## Your task
Lines from the one with "All right, here's" through the end of the records, and no others, are what the answer should contain, copied exactly; please keep pictures out.

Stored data
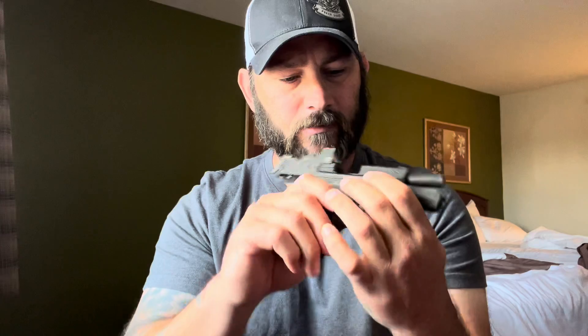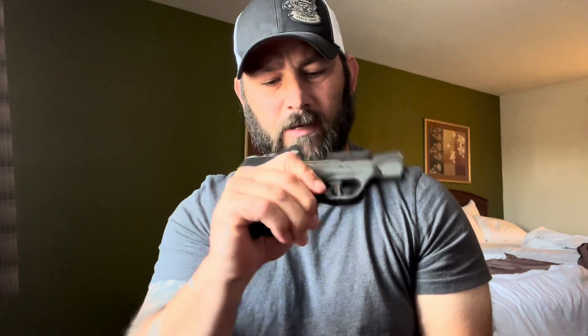A lot of striker fired pistols now are single action — like my Smith & Wesson 30 Super Carry here. I've already cleared it, but I'll clear it on camera so you can see: chamber's empty, face the magazine well, let the slide go forward, point in a safe direction, pull the trigger — clear.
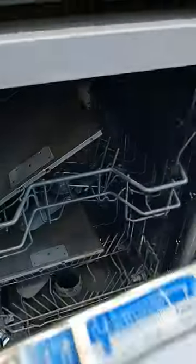That has got to be one of the best ways of cleaning your hood extractor filters.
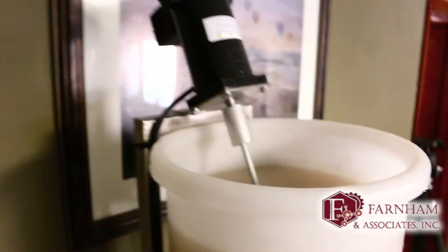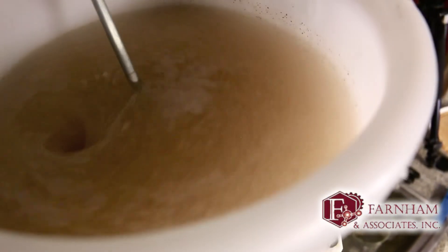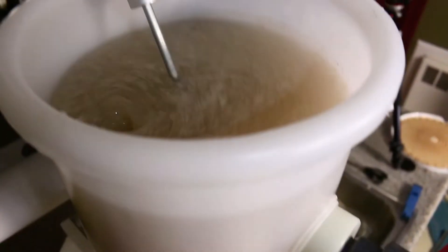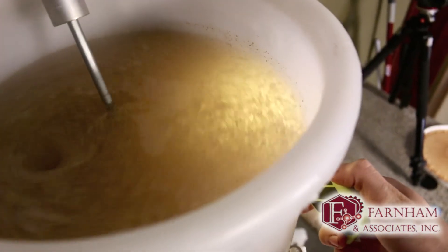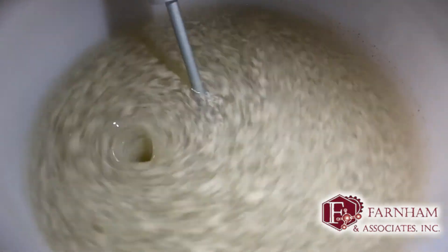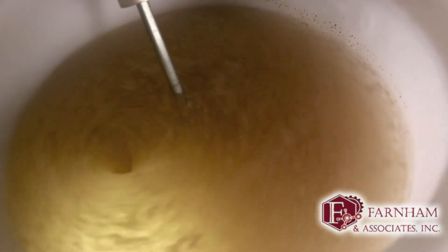Up to about 2.8. And there you go — you can see it's already starting to floc, particles are dropping out real nice. Very impressive — no pH adjustment, it pretty much does it itself.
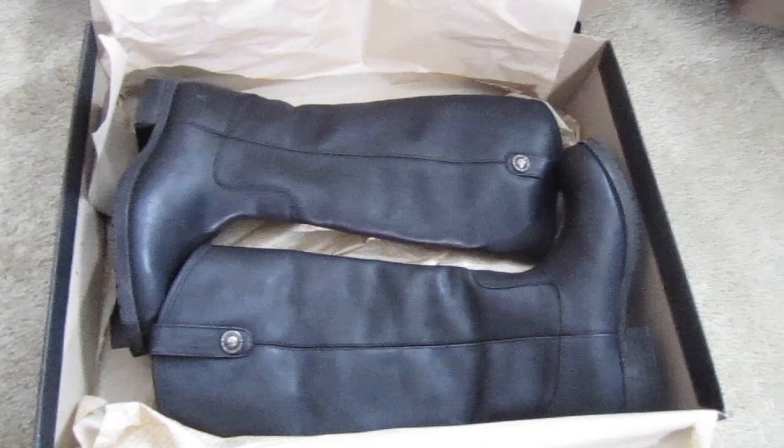All right, here's the box. Look how pretty! They're brand new — I've never had a brand new pair of Frye boots before. The brown pair I have is used. As you can see, their size — I don't know if you can see that — they're size 8½. So the black pair is also 8½. They're the exact same size.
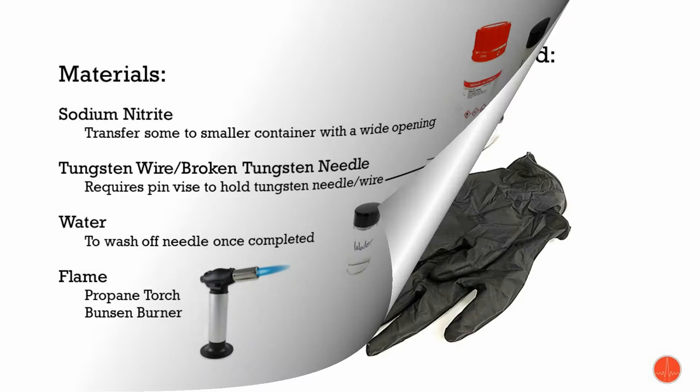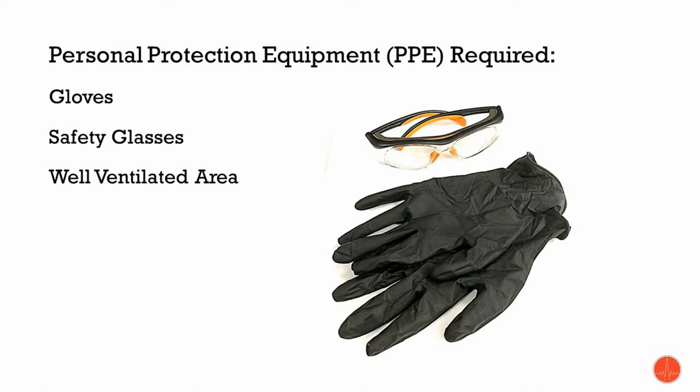There's also going to be some personal protection equipment, or PPE, that we need to have on. The first two being safety glasses and a pair of gloves. As well, this work needs to be done in a well-ventilated area, preferably one that has some exhaust.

## Finished exercise
All right, here's the box. Look how pretty! They're brand new — I've never had a brand new pair of Frye boots before. The brown pair I have is used. As you can see, their size — I don't know if you can see that — they're size 8½. So the black pair is also 8½. They're the exact same size.
There's also going to be some personal protection equipment, or PPE, that we need to have on. The first two being safety glasses and a pair of gloves. As well, this work needs to be done in a well-ventilated area, preferably one that has some exhaust.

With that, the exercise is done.